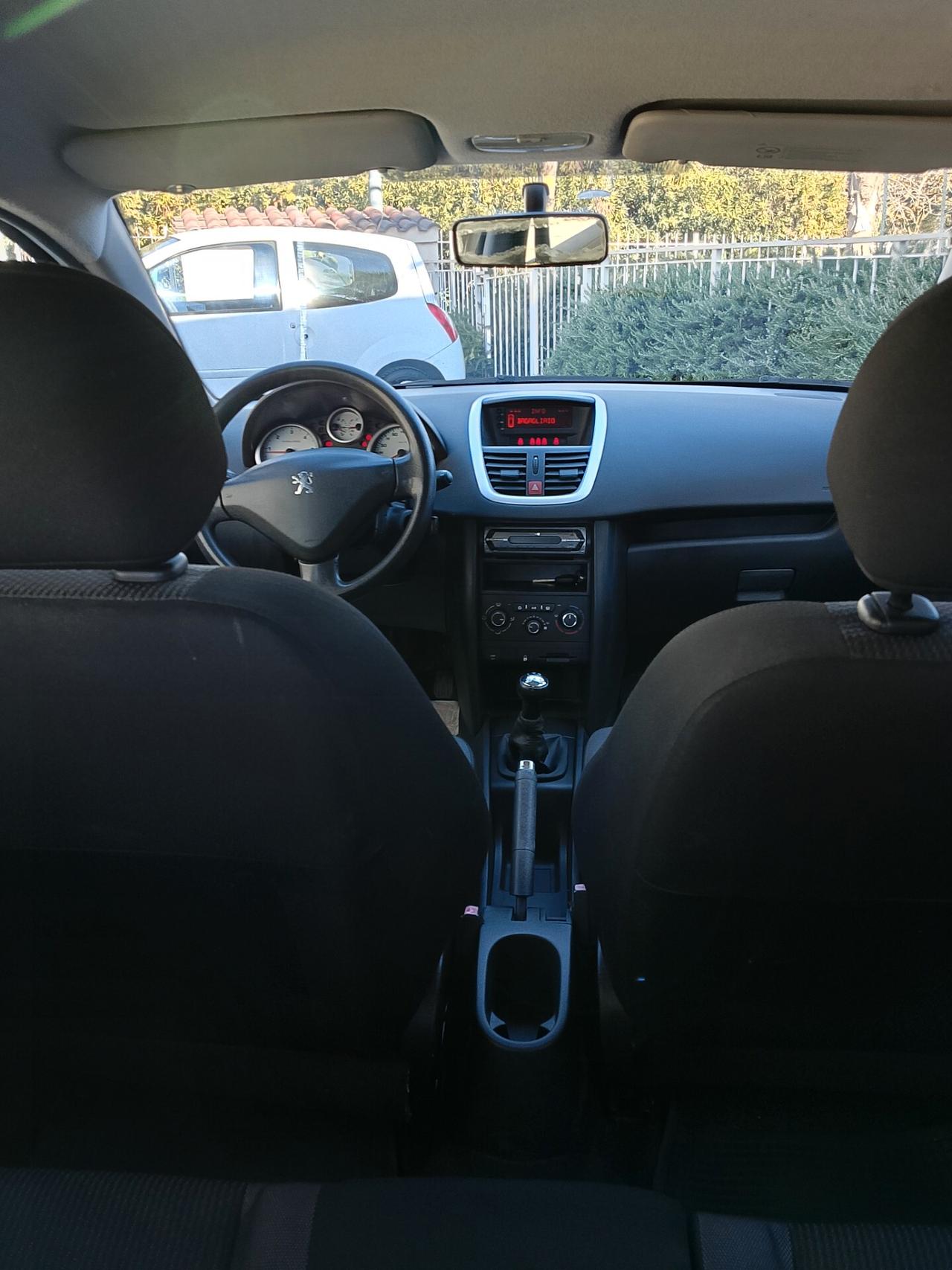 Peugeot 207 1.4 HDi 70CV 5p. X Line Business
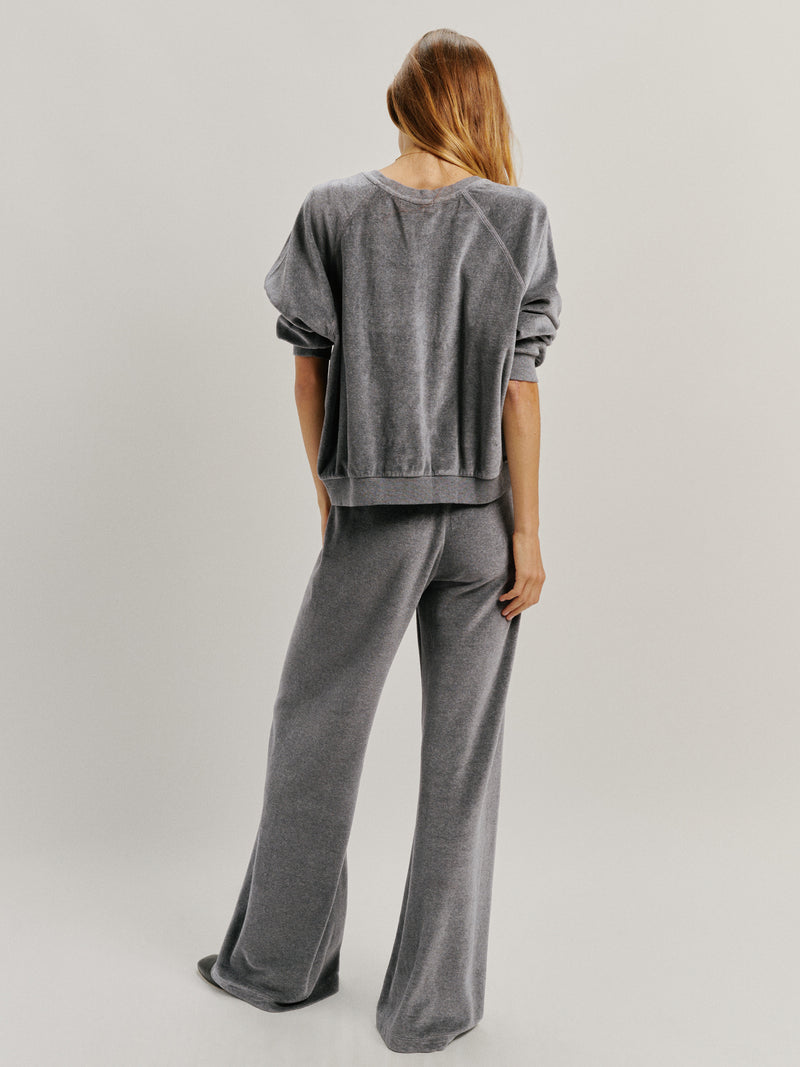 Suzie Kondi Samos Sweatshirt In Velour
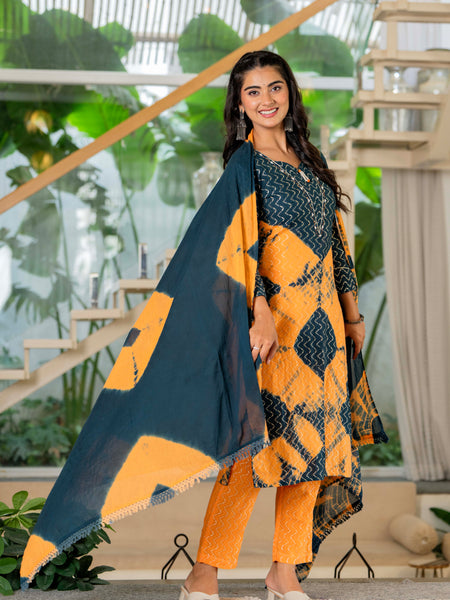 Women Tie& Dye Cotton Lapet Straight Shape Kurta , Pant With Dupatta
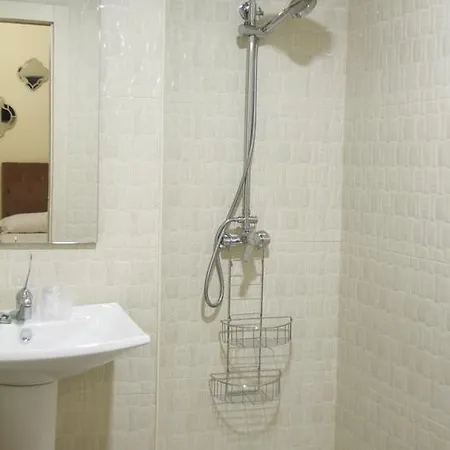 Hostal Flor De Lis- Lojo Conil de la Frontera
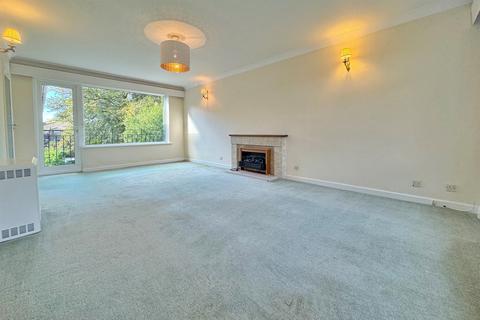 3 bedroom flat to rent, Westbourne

● **Exercise prompt**
Leave every picture out, and reproduce exactly the lines from the line bearing "Suzie Kondi Samos Sweatshirt In Velour" through the closing line of the material above.

● **Task result**
 Suzie Kondi Samos Sweatshirt In Velour
 Women Tie& Dye Cotton Lapet Straight Shape Kurta , Pant With Dupatta
 Hostal Flor De Lis- Lojo Conil de la Frontera
 3 bedroom flat to rent, Westbourne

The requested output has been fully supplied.